Theme parks get the go-ahead to restart operations


THE government has approved the reopening of all theme parks and amusement attractions nationwide, albeit with reduced number of visitors and enhanced health measures in place.

The reopening will affect some 10,000 employees at 54 theme parks in Malaysia, including water parks and indoor parks, where social distancing measures will be applied at ticketing counters, restaurants, merchandise shops and other facilities.

Theme park operators must adhere to strict pool maintenance codes issued by local authorities, Senior Minister (Security Cluster) Datuk Seri Ismail Sabri Yaakob said yesterday.

Visitors will also be required to register their details on the government’s MySejahtera app and use hand sanitisers frequently.

The government on March 18 imposed various restrictive measures including barring of interstate travel and entry for foreign tourists to curb the spread of Covid-19.

Due to this, local theme parks were among the hardest hit, as most of them had made different preparations to bring in throngs of visitors under the Visit Malaysia 2020 campaign.
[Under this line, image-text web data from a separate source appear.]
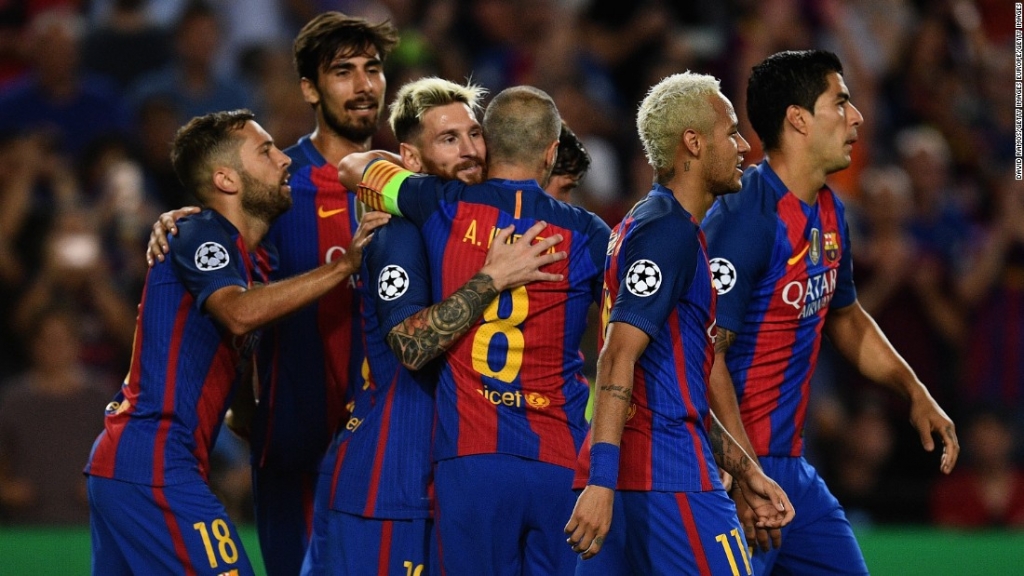 Lionel Messi celebrates one of his three goals as Barcelona recorded its largest Champions League victory when thrashing Celtic 7-0 at Camp Nou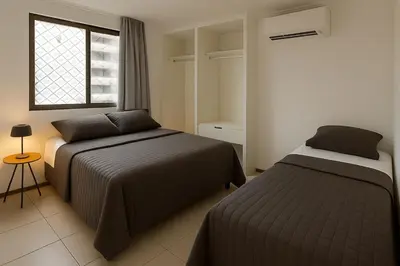 Uma cama ou camas num quarto em Atlantic Ocean Residence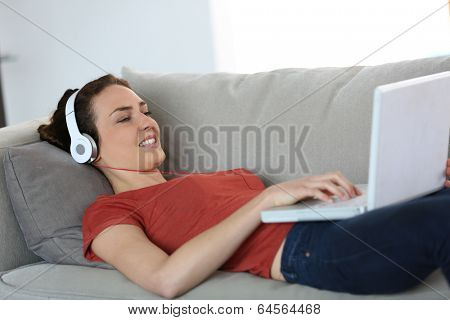 Woman with headphones chating on internet
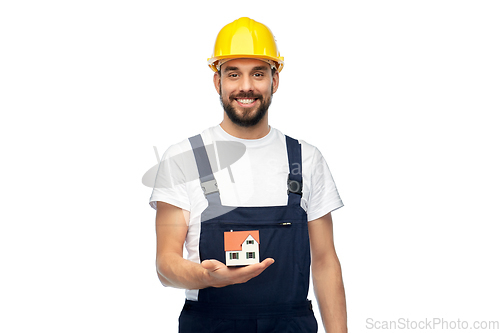 Image of happy male builder holding model of living house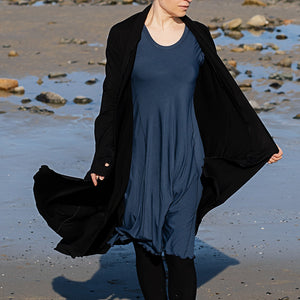 glow dress in navy paired with garden coat in black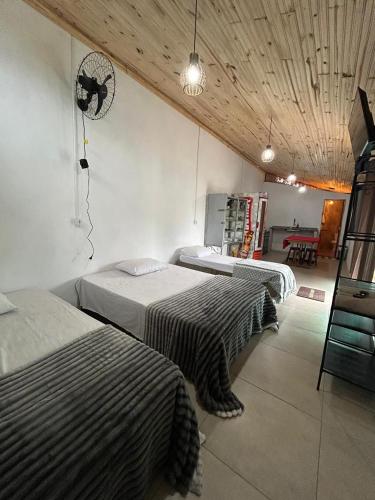 a room with two beds and a fan on the wall at Hospedaria Paraíso das Águas Suíte independente com cozinha completa in Itabirito
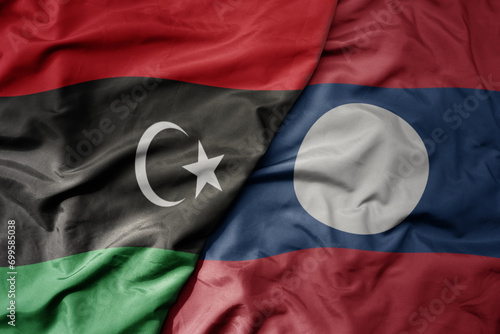 big waving national colorful flag of laos and national flag of libya .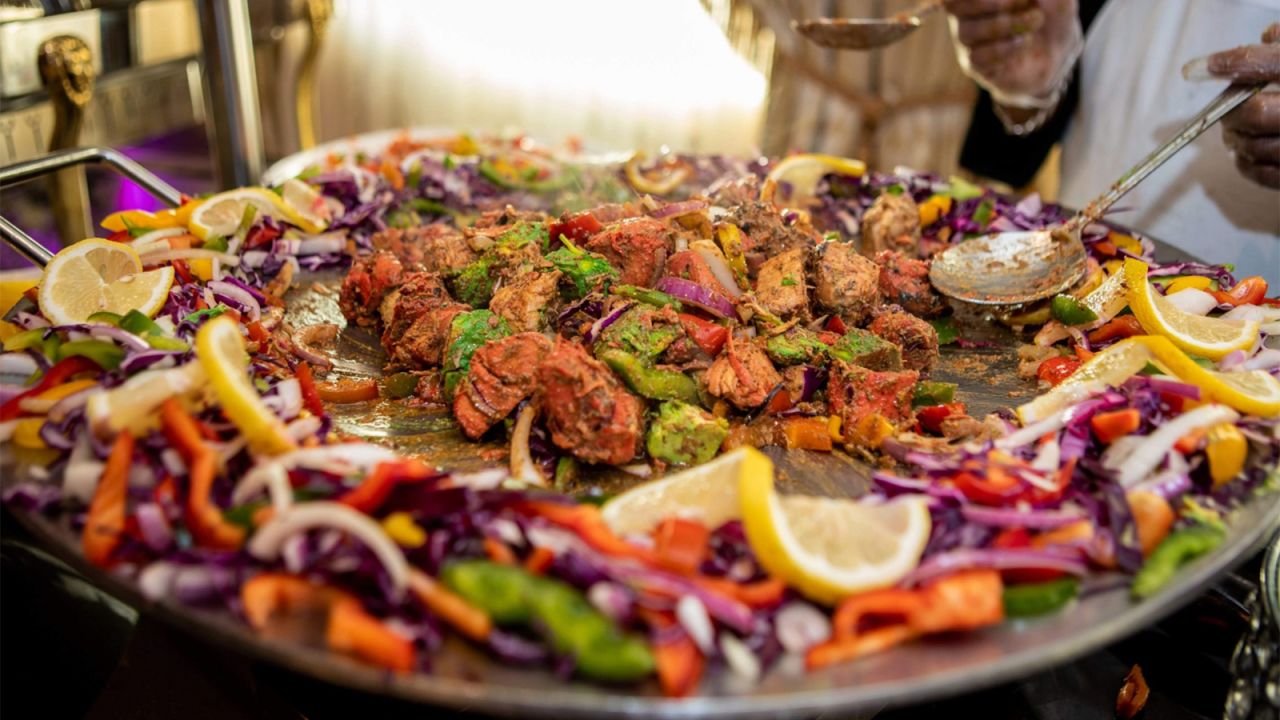 Rassoi's sizzling chicken platter is both popular and quite colorful.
The campaign, which targeted 30 million visitors and RM100 billion in tourist receipts, has since been cancelled in light of the outbreak.

The Malaysian Association of Amusement Theme Park and Family Attractions earlier expressed hopes that theme parks in Malaysia will be revitalised upon reopening given the high public demand.
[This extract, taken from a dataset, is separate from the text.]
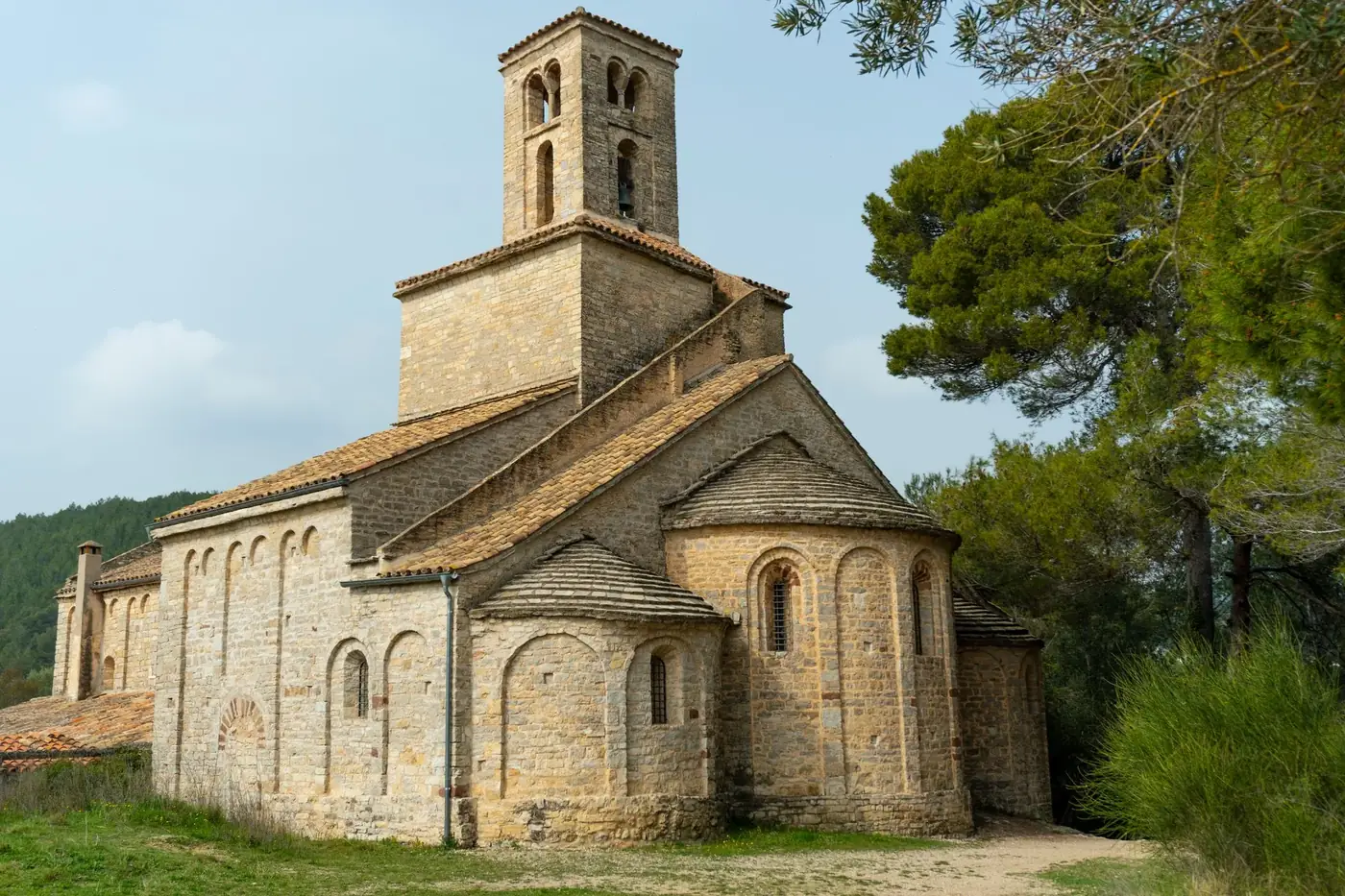 Beautiful stone church surrounded by trees in Corbera de Llobregat, showcasing Romanesque architecture.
Its long-time president Tan Sri Richard Koh cited the reopening of Shanghai’s Disneyland Theme Park as an example, saying it succeeded in garnering up to 5,000 visitors daily.

He said local attractions such as Penang Hill have also successfully attracted many visitors since its reopening.

Meanwhile, Ismail Sabri announced that temperature checks at malls and hotels would only be required at the entrance of the premises. However, individual stores must still record basic details of their customers to enable contact tracing.

“This will allow us to trace the movement of relevant individuals in case an infection occurs, so this (record keeping) will continue to be mandatory,” Ismail Sabri said.

The minister also announced the exemptions on charges for Covid-19 tests imposed on returning locals and foreigners arriving from abroad.

He said the waiver is applicable to people with disabilities, government officers on official trips and students returning for the first time.

Ismail Sabri said people who fall under the three categories could seek refunds if they had been charged prior to the announcement.

The Prevention and Control of Infectious Diseases (Fee for Coronavirus Disease 2019 (Covid-19) Detection Test) Regulations 2020, which came into effect yesterday, have made it compulsory for those returning from overseas to pay a range of RM30 to RM150 to be tested for Covid-19.

Non-citizens will be charged more depending on the test.

Malaysians will be charged a fee of RM30 for an antibody rapid test kit, RM60 for an antigen rapid test kit, and RM150 for a polymerase chain reaction test kit.

For foreigners, the fees are RM60 for an antibody rapid test kit, RM120 (antigen rapid test kit), and RM250 (polymerase chain reaction test kit).